*Task description*: Write out the entries below exactly. End with the line that contains "EPYDEMIUS JR. FIRE BOOTLEG T-SHIRT".

____

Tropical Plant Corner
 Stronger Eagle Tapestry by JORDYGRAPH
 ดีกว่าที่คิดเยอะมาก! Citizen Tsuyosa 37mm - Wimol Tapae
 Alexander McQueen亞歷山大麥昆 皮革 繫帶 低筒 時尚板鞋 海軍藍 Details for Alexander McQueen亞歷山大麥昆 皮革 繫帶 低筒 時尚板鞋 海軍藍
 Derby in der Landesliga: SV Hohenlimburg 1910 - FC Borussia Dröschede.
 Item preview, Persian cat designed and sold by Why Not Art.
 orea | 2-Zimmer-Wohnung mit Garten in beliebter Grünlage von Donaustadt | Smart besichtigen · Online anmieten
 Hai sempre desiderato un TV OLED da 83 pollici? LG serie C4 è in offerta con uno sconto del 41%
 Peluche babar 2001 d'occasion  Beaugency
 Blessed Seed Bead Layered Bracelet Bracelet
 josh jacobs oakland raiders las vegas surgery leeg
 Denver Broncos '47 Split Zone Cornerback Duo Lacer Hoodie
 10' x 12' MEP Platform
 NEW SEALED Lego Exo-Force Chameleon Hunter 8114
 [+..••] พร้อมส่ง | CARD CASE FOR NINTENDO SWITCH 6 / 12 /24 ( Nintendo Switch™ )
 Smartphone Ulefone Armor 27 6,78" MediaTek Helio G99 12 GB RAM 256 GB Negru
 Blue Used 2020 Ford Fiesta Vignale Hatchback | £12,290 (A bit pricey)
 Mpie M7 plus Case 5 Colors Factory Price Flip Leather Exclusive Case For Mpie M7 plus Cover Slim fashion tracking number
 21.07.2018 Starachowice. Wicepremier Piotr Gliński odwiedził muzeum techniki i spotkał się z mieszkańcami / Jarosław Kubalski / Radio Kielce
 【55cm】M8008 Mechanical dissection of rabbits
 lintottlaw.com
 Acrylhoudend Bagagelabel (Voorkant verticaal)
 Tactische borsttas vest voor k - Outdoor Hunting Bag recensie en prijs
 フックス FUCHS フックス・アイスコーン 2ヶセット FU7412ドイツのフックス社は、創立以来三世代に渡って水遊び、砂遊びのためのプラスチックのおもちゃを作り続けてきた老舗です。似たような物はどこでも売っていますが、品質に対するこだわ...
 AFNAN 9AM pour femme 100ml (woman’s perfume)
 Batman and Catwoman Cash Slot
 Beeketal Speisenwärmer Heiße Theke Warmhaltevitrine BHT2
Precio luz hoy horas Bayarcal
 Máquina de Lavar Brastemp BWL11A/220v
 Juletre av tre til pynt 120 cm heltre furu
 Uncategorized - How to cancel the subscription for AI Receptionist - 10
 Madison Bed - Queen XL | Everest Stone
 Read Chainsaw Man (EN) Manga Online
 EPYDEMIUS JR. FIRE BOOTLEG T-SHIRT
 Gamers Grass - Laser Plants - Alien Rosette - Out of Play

____

*Result of this task*:
Tropical Plant Corner
 Stronger Eagle Tapestry by JORDYGRAPH
 ดีกว่าที่คิดเยอะมาก! Citizen Tsuyosa 37mm - Wimol Tapae
 Alexander McQueen亞歷山大麥昆 皮革 繫帶 低筒 時尚板鞋 海軍藍 Details for Alexander McQueen亞歷山大麥昆 皮革 繫帶 低筒 時尚板鞋 海軍藍
 Derby in der Landesliga: SV Hohenlimburg 1910 - FC Borussia Dröschede.
 Item preview, Persian cat designed and sold by Why Not Art.
 orea | 2-Zimmer-Wohnung mit Garten in beliebter Grünlage von Donaustadt | Smart besichtigen · Online anmieten
 Hai sempre desiderato un TV OLED da 83 pollici? LG serie C4 è in offerta con uno sconto del 41%
 Peluche babar 2001 d'occasion  Beaugency
 Blessed Seed Bead Layered Bracelet Bracelet
 josh jacobs oakland raiders las vegas surgery leeg
 Denver Broncos '47 Split Zone Cornerback Duo Lacer Hoodie
 10' x 12' MEP Platform
 NEW SEALED Lego Exo-Force Chameleon Hunter 8114
 [+..••] พร้อมส่ง | CARD CASE FOR NINTENDO SWITCH 6 / 12 /24 ( Nintendo Switch™ )
 Smartphone Ulefone Armor 27 6,78" MediaTek Helio G99 12 GB RAM 256 GB Negru
 Blue Used 2020 Ford Fiesta Vignale Hatchback | £12,290 (A bit pricey)
 Mpie M7 plus Case 5 Colors Factory Price Flip Leather Exclusive Case For Mpie M7 plus Cover Slim fashion tracking number
 21.07.2018 Starachowice. Wicepremier Piotr Gliński odwiedził muzeum techniki i spotkał się z mieszkańcami / Jarosław Kubalski / Radio Kielce
 【55cm】M8008 Mechanical dissection of rabbits
 lintottlaw.com
 Acrylhoudend Bagagelabel (Voorkant verticaal)
 Tactische borsttas vest voor k - Outdoor Hunting Bag recensie en prijs
 フックス FUCHS フックス・アイスコーン 2ヶセット FU7412ドイツのフックス社は、創立以来三世代に渡って水遊び、砂遊びのためのプラスチックのおもちゃを作り続けてきた老舗です。似たような物はどこでも売っていますが、品質に対するこだわ...
 AFNAN 9AM pour femme 100ml (woman’s perfume)
 Batman and Catwoman Cash Slot
 Beeketal Speisenwärmer Heiße Theke Warmhaltevitrine BHT2
Precio luz hoy horas Bayarcal
 Máquina de Lavar Brastemp BWL11A/220v
 Juletre av tre til pynt 120 cm heltre furu
 Uncategorized - How to cancel the subscription for AI Receptionist - 10
 Madison Bed - Queen XL | Everest Stone
 Read Chainsaw Man (EN) Manga Online
 EPYDEMIUS JR. FIRE BOOTLEG T-SHIRT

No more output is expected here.